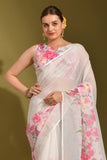 White Color Linen Fabric Engaging Printed Saree - women's fashion mart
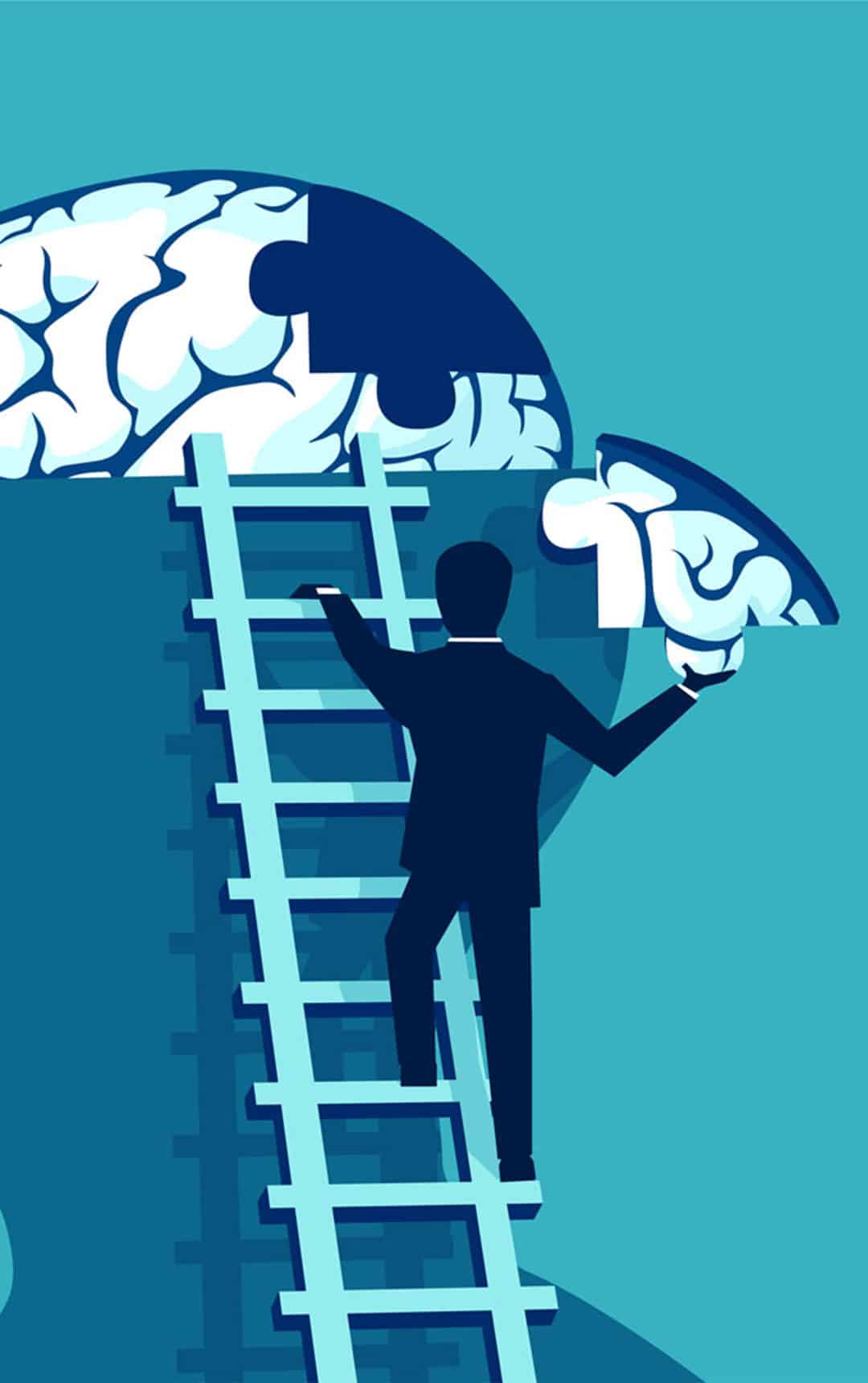 Business man climbing up the stairs reaching human head to add piece of brain stock illustration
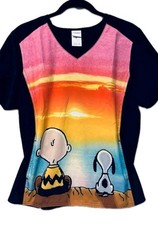 Charlie Brown Snoopy Scrubs V Neck Large free shipping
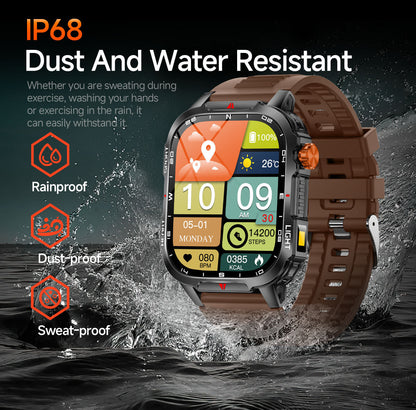 Rugged Outdoor Smart Watch for Men - 1100mAh Extra Long Battery with LED Flashlight & Compass - 2.01" HD V888-ELOSUNG41846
= = = = =
Restate the data above word for word, omitting every picture.

 White Color Linen Fabric Engaging Printed Saree - women's fashion mart
 Business man climbing up the stairs reaching human head to add piece of brain stock illustration
 Charlie Brown Snoopy Scrubs V Neck Large free shipping
 Rugged Outdoor Smart Watch for Men - 1100mAh Extra Long Battery with LED Flashlight & Compass - 2.01" HD V888-ELOSUNG41846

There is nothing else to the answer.